Don’t get me wrong. Things are getting easier for those who prep and cook keto at home. The Instant Pot is a godsend with the right accessories. But if you’re as lazy as I can be sometimes, even making individual egg muffins can be a pain. (Yes. I know. I said I was lazy.)
Enter the casserole. Call it a big ass frittata if you want. I don’t care. But aside from being great for portioning and freezing for future breakfasts yet to come, this sausage breakfast casserole also does perfectly what a casserole is supposed to do – feed multiple hungry mouths fresh out of the oven. Now put down that Pop Tart and get cooking!

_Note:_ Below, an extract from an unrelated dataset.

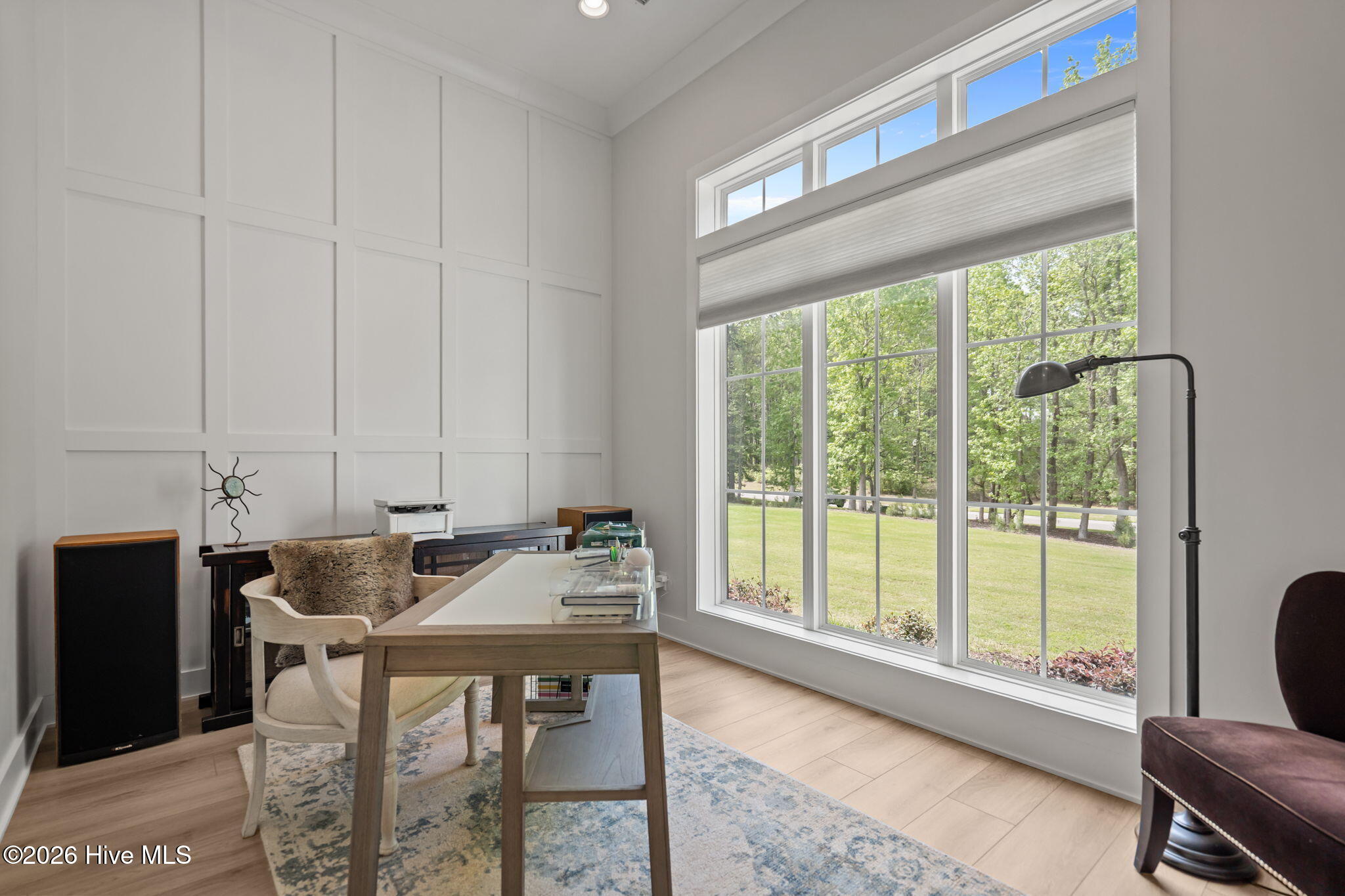 100566934 | Photo 25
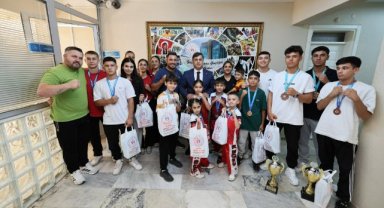 Manisa Gençlik ve Spor İl Müdürü Öztürk, Kick Boks Şampiyonu Sporcuları Kabul Etti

What Makes This Breakfast Casserole Keto? Is It Healthy?
This easy breakfast casserole is big on protein and super low on carbs. Any carbohydrates you get should come only from the vegetables and will be slightly balanced by fiber.

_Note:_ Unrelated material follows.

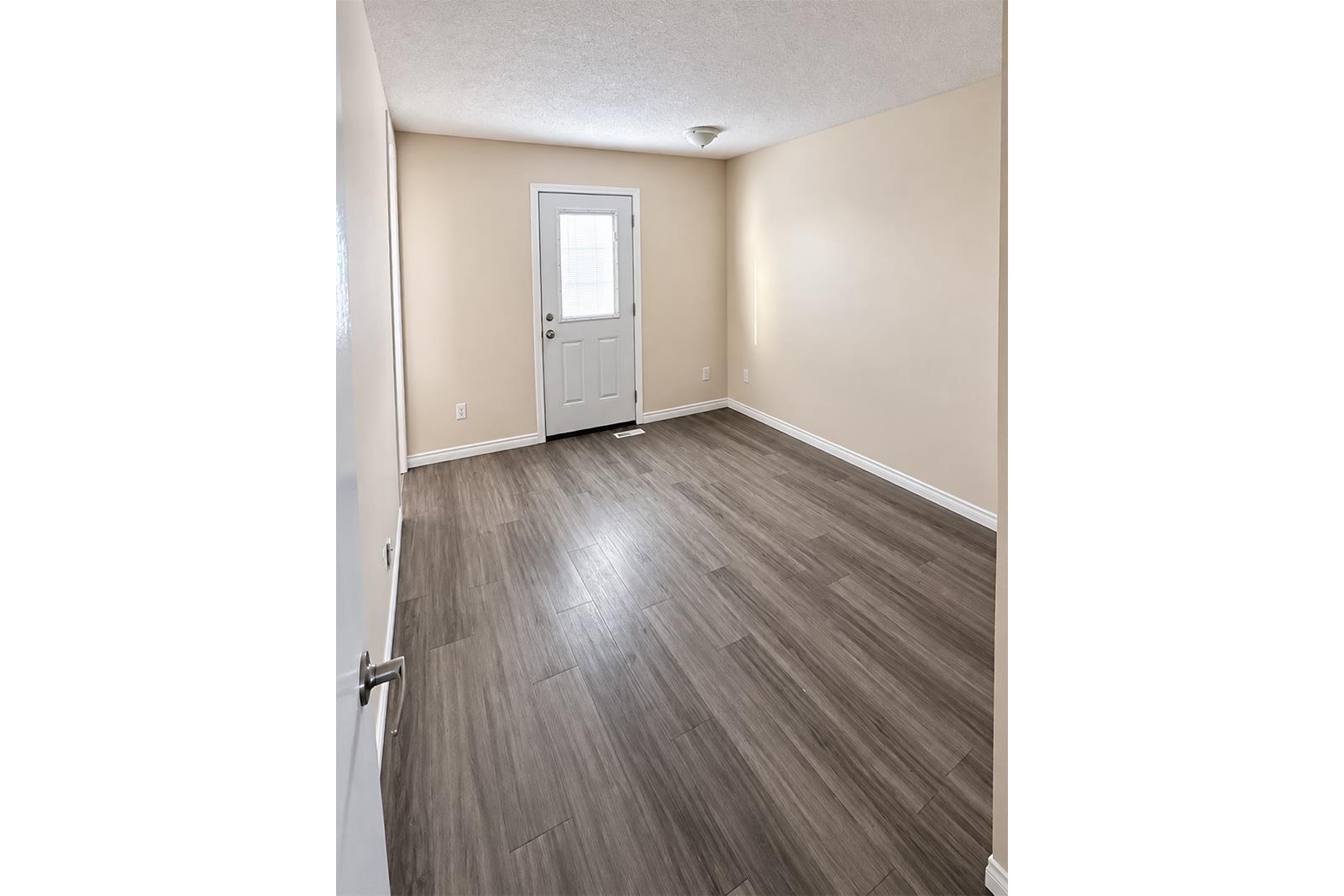 14212 114 ST NW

As long as you’re counting macronutrients and not calories, you can definitely count this as a nutritious (and energy-boosting) breakfast. Plus, it’s a great way to get veggies in first thing!
Can I Make This Paleo or Whole30?
Yes! Use cashew milk or coconut cream in place of the heavy cream; use ghee or avocado oil in place of the butter; and skip the cheese. It will be slightly less creamy, but still very flavorful.
Tips for Making This Recipe Perfectly
- Use raw, not fully-cooked chorizo, for crumbled sausage.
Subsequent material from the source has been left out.